Wednesday, 14 May 2014

Canal Cuttings (16)

This is just one of a series of around fifty old newspaper articles that I have been reading. I have been researching from old newspapers and magazines the last 200 years or so of the inland waterways. With particular interest in the issues of the day that were effecting the canals. The most active periods for evaluation and change, has always been just prior, during and shortly after the two world wars. It should be remembered that between the wars the ownership of some of the canals changed hands as the railway companies bought up the waterways to get reduce competition. What is not clear is the effect this early form of asset stripping had on the viability of the inland waterways. Its good to take a look back at what people were saying and doing in the past. Most surprising of all are some of the problems that beset the canals back then - are still prevalent today. Reading old newspapers can throw up some rather interesting stories. Here is what we would call today a public interest story.

Caveat: Some of the articles are difficult to read and even using modern electronic  scanning and text conversion methods. The odd punctuation, word or character may have been transcribed in error. 

Royal Commission on the Control of Traffic

The Spectator: 2nd August 1929

The first Report of the Royal Commission on the Control of Traffic (by road and water) is an admirable document. It is courageous and lucid, and it reflects the spirit of the age. There is no fanaticism in it. It recognizes facts, and assumes that you cannot put back the hands of the clock of mechanization. It is neither a pro-motorist Report nor an anti-motorist Report. It allows itself to be guided by facts, and offers recommendations which ought to be invaluable. The terms of reference were so wide that the Commission found themselves compelled to divide their work into three sections. This first Report deals with by far the most urgent problem—safety on the roads. The Commission, in their thoroughness, had under consideration not only the Draft Road Traffic Bill, which was circulated by the Minister of Transport in 1927, but Lord Cecil's slightly fanatical Road Vehicles Regulations Bill. They worked under a solemn recognition of the terrible mounting of the figures of mortality. The number of accidents has increased in almost exact proportion to the increase of motor vehicles. In 1909, the earliest statistical year, there were 27,161 accidents. In 1928 there were 147,582 accidents, including more than 6,000 deaths. Truly it has been said that the safest place in the world is an English railway train, the most dangerous a London street.
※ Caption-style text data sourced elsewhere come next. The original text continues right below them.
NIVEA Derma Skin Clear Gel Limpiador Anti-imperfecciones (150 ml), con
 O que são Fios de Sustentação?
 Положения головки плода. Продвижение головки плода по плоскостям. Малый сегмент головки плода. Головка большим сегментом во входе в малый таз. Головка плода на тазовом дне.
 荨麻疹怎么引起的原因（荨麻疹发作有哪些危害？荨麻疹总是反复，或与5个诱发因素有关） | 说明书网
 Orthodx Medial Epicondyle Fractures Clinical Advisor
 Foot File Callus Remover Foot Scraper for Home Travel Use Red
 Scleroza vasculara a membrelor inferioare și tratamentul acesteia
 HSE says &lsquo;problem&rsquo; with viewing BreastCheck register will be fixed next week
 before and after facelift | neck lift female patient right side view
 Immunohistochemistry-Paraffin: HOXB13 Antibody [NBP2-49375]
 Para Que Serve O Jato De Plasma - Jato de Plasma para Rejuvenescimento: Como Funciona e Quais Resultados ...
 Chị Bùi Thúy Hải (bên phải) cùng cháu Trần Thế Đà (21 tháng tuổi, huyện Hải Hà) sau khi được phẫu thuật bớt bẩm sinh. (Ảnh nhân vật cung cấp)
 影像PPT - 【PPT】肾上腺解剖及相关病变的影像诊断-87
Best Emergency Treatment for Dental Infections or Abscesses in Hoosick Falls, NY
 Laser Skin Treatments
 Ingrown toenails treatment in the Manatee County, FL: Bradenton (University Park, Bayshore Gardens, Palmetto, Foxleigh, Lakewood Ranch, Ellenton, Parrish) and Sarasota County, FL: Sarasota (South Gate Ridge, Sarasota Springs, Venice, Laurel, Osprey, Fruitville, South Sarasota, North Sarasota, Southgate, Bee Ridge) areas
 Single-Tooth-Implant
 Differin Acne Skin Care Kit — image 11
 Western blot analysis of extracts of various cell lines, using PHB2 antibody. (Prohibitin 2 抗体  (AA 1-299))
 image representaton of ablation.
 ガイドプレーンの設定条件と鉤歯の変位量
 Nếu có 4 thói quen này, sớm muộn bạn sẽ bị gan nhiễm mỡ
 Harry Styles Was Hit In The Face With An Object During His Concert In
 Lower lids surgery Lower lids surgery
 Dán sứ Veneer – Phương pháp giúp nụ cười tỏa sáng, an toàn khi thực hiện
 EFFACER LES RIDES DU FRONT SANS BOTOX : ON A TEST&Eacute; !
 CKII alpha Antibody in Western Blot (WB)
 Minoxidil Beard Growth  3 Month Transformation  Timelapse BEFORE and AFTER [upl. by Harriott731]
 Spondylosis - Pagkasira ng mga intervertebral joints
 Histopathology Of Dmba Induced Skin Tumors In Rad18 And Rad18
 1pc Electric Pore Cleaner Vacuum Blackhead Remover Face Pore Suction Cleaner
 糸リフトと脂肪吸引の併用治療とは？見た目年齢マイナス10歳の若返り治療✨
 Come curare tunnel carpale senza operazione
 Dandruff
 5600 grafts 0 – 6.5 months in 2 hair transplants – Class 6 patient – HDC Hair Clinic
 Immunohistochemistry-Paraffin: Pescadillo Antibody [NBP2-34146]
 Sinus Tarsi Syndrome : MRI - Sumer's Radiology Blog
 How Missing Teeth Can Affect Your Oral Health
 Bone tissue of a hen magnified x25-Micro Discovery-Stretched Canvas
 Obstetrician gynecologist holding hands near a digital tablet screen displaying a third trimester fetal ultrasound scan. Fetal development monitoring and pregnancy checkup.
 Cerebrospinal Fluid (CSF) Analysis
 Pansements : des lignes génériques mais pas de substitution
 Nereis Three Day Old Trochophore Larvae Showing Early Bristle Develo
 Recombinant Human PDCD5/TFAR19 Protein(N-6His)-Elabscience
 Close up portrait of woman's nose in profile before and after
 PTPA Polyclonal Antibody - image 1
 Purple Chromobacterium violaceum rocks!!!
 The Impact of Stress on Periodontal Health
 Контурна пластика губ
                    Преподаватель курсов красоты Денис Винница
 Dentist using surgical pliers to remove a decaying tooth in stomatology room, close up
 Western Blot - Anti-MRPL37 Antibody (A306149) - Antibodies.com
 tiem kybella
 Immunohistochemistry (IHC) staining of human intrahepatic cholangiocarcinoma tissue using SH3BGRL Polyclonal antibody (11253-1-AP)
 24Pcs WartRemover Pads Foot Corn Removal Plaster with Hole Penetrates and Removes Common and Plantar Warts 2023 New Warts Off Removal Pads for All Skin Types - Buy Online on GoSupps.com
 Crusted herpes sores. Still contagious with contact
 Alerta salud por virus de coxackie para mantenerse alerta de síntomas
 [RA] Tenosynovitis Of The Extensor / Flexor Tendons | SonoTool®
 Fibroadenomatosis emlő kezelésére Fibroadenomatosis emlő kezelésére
But the Commission did not allow themselves to play with the idea of a panicky and retrograde policy of cutting down speed. They appreciated the simple truth that a high speed in a broad open road may be safe, and a relatively low speed in crowded places, particularly when children are about, dangerous. Moreover, they by no means lay all the blame on motorists. They found that some bicyclists seemed to be concerned almost more for their ancient rights than for their own safety and the convenience of others, and that walkers (also feeling all too secure in the exercise of ancient rights) were not always sensible or adaptable. No one will deny that the Commission were right in saying that this matter of safety on the roads had to be dealt with first and that legislation is "greatly overdue."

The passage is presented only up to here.